Justice Henry gave as reasons for this finding:
“The nature and extent of the defective works went well beyond the superficial and readily remedied flaws which might occur in progressing an otherwise competent construction process. For instance, one of the elementary purposes of a house is protection from the elements. The company constructed a house which leaked, including through the roof and structural walls. This was not merely the result of minor error. Such a pervasive and high level of ineptitude exhibits an obvious ongoing preparedness, even if unintended, to perform the works inappropriately, without reasonable care and skill.”
The Court awarded the owners completion costs approximating $1.1 million, less an unpaid amount which would have been payable had the builder completed the contract, and sought further submissions in relation to the owner’s entitlement to rectification costs (the unadjusted amount for which amounted to approximately $900,000).
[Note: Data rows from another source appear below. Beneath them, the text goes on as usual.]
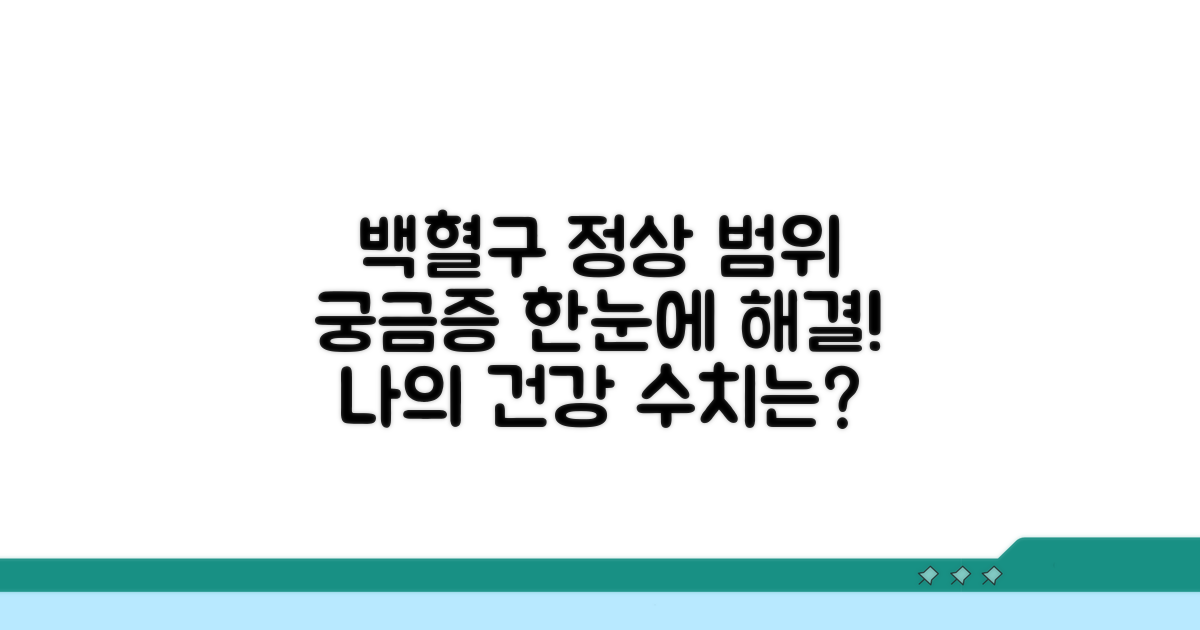 백혈구 정상 범위, 한눈에 확인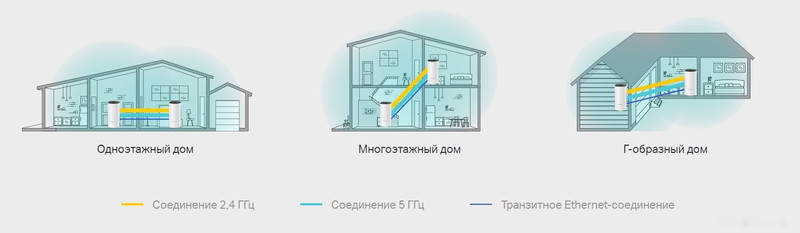 Wi-Fi система TP-Link Deco M4 (2 шт.)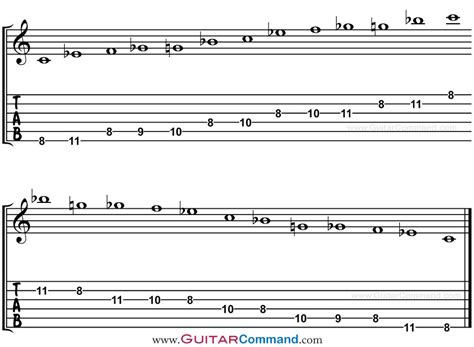 Blues Scale Guitar Tab And Patterns Your Complete Guide To Blues Scales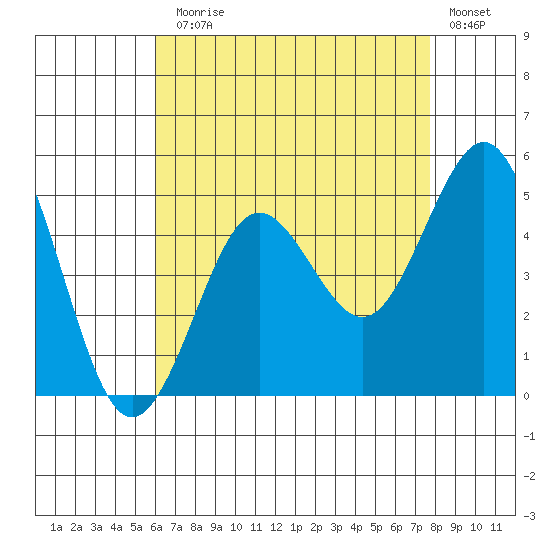 San Diego tide chart for Monday, August 5, 2024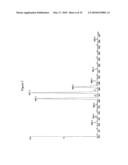 ISOBARICALLY LABELED ANALYTES AND FRAGMENT IONS DERIVED THEREFROM diagram and image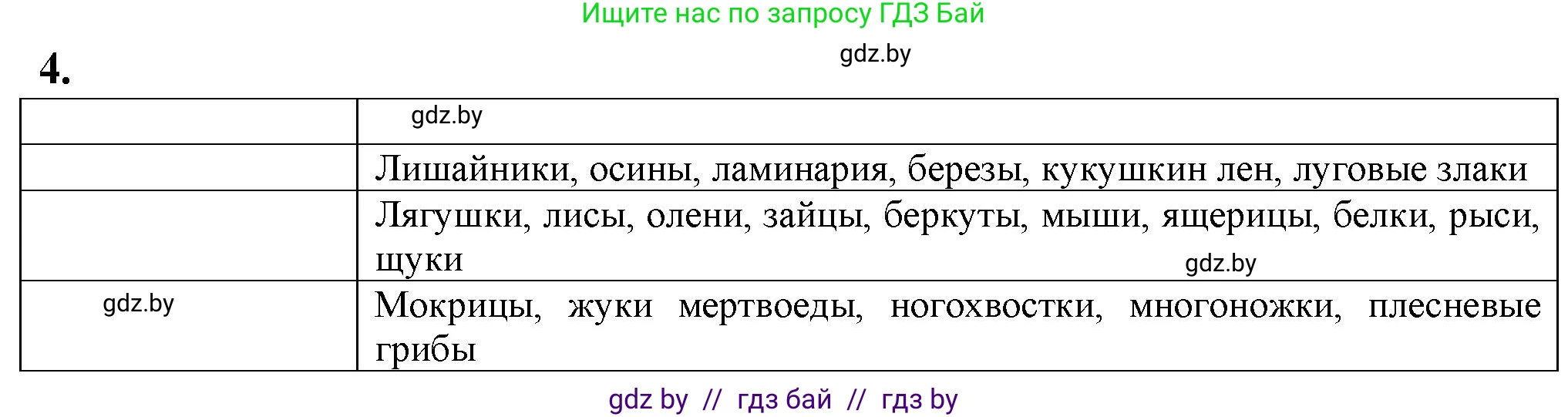 Биология, 10 класс рабочая тетрадь, авторы: Маглыш Сабина Степановна, Кравченко Вячеслав Анатольевич, издательство Аверсэв, Минск, 2021, страница 90, номер 4, Решение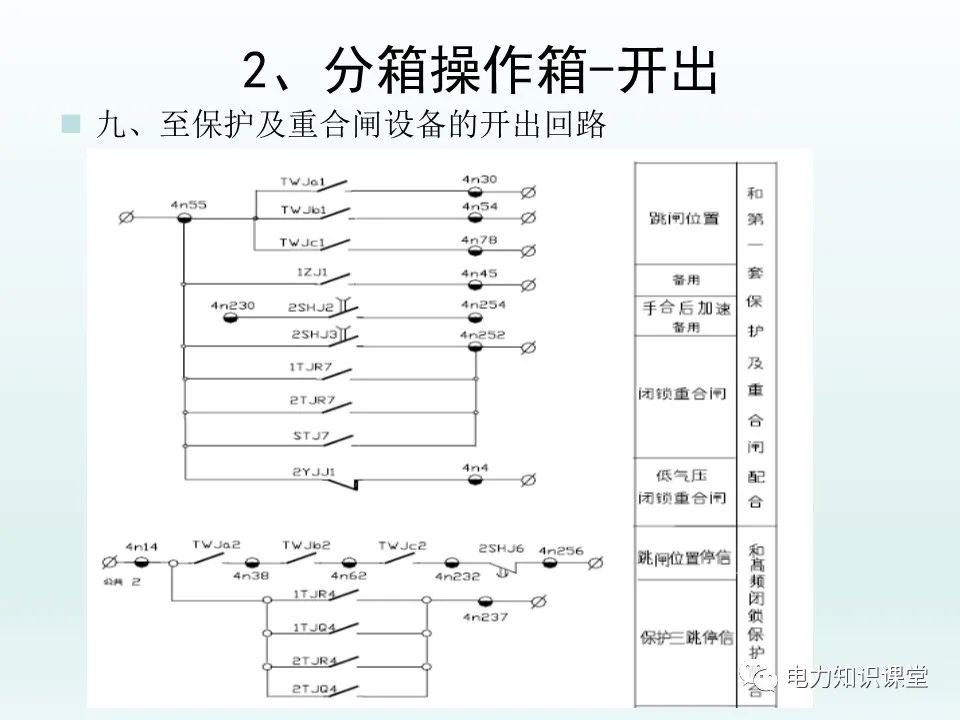 双母线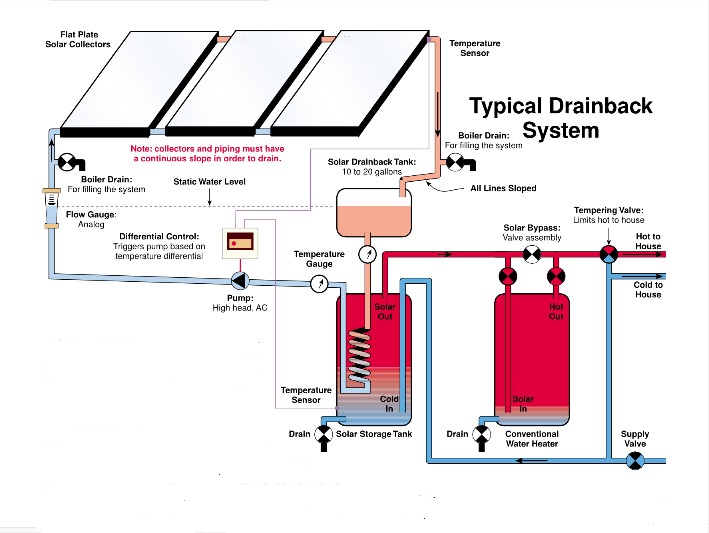 diagrama del sistema de drenaje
On the other hand, Justice Henry dismissed the owners’ claim in negligence against the director of the builder as an individual (of vital strategic importance to them as the builder is now in liquidation). The director was not a party to the contract. While this will not of itself preclude the existence of a duty of care, the Court concluded that the owners were not vulnerable to the adverse consequences of a failure to adequately supervise because they could protect themselves from such adverse consequences via the contract with the builder, or by engaging a more competent builder.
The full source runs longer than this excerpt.